Parents also routinely mentioned the importance of “playing the long game.” If parents weren’t successful the first time, they would try again the following year in the hopes of enrolling their youngster in a superior elementary school, which would then prepare them for middle school.

Public and charter schools are included in the lottery method, and children who did not obtain the school they preferred also claimed that switching schools was simpler in transitional stages like pre-K/kindergarten, fifth, and ninth grades.

Others claimed to be willing to leave the city to avoid attending schools they disliked or to send their kids to private schools in addition to gaming the system.

“Exit is the default, and disloyalty is the norm,” Mann and Rogers wrote about the findings that showed parents rarely used their voice in an attempt to improve schools and preferred leaving schools or the system.

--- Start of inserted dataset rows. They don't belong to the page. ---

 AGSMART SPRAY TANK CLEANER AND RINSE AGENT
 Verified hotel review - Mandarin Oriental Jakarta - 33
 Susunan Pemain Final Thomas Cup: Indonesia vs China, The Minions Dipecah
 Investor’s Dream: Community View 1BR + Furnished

The strategies and choices of parents in the study are important to consider, as “the long game remains separate and unequal,” the authors wrote. Census data shows that in 1954, D.C. public schools enrolled 57% Black/minority and 43% white students with complete segregation. The Brown decision led to white flight on a large scale, and by 1990, the percentages were 96% and 4%, respectively.

Gentrification from 2000 to 2019 shows that trend reversing, but not equally, as the authors cite data that shows white enrollment in D.C. schools was 11.9% in the 2018-19 school year, even though white city population had increased to 39.6% in 2020. Racial segregation is persisting in the city’s schools, the data shows.

The findings should be taken into account in the national discussion of school choice policies because they show that these policies tend to maintain school segregation because wealthy families and those with resources use the systems to their advantage rather than working to improve less prestigious schools.

Parents were pushed by the market-based school and housing system to campaign for bettering choice mechanisms rather than bettering the schools themselves, even when they expressed concerns about other children, neighborhoods, and schools.

“If the ideal is a fully integrated school system, it’s barely trending in that direction, and it is not reaching the ideal,” Mann said. “These lessons are important because policymakers across the country are debating similar ideas, and understanding the outcomes of such policies is vital. This can be an early indicator of what to expect with these types of choice policies.”

“People don’t often talk about what happens when parents are competing for spots in schools. Here it resulted in continued segregation, and we were able to get a better understanding of how families made the decisions that led to it.”